Ionis Pharmaceuticals, Inc. announced positive topline results for the Phase 3 OASIS-HAE study of donidalorsen in people with hereditary angioedema (HAE). The trial met its primary endpoint of reduction in rate of angioedema attacks in patients treated with donidalorsen (80mg) via subcutaneous injection dosed every 4 weeks (Q4W) (p<0.001) or every 8 weeks (Q8W) (p=0.004), compared to placebo. In addition, the trial showed donidalorsen achieved statistical significance on all secondary endpoints in the Q4W group and key secondary endpoints in the Q8W group.

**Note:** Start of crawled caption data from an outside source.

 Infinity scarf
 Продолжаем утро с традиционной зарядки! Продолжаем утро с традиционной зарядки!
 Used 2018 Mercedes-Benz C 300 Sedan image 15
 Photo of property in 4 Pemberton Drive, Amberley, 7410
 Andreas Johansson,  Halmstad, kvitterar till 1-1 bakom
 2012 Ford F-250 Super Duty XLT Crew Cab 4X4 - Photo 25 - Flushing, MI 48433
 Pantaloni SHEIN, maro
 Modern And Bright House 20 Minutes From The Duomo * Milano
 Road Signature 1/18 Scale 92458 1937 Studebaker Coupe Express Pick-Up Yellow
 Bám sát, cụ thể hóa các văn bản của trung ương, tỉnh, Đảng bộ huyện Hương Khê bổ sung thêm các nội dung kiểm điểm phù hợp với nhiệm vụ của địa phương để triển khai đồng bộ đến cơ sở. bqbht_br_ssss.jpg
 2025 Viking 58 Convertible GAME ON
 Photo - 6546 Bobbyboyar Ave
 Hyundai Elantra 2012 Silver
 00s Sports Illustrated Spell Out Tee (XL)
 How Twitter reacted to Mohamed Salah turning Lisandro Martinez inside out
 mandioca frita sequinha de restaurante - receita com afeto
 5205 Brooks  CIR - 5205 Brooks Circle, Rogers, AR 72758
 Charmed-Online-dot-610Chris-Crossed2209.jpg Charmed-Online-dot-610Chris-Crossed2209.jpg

Donidalorsen demonstrated a favorable safety and tolerability profile in the study, and there were no serious adverse events in the patients treated with donidalorsen. HAE is a rare and life-threatening genetic disease that causes unpredictable and frequent severe swelling of the skin, gastrointestinal (GI) tract, upper respiratory system, face and throat. Donidalorsen is an investigational RNA-targeted prophylactic medicine designed to precisely target and silence the production of prekallikrein (PKK), interrupting the pathway that leads to HAE attacks.

Based on these data, Ionis is preparing to submit a New Drug Application with the U.S. Food and Drug Administration. Otsuka, which has exclusive rights to commercialize donidalorsen in Europe, is preparing to submit a Marketing Authorization Application to the European Medicines Agency. Donidalorsen received Orphan Drug Designation in the U.S., and the Orphan Drug Designation procedure in the EU is ongoing.

Ionis plans to present the Phase 3 OASIS-HAE results at an upcoming medical congress by mid-year. Ionis also plans to share results from the Phase 3 OASIS-Plus study by mid-year, which includes both the open-label extension of the Phase 3 trial and a separate cohort of patients who have transitioned to donidalorsen from another prophylactic HAE medication.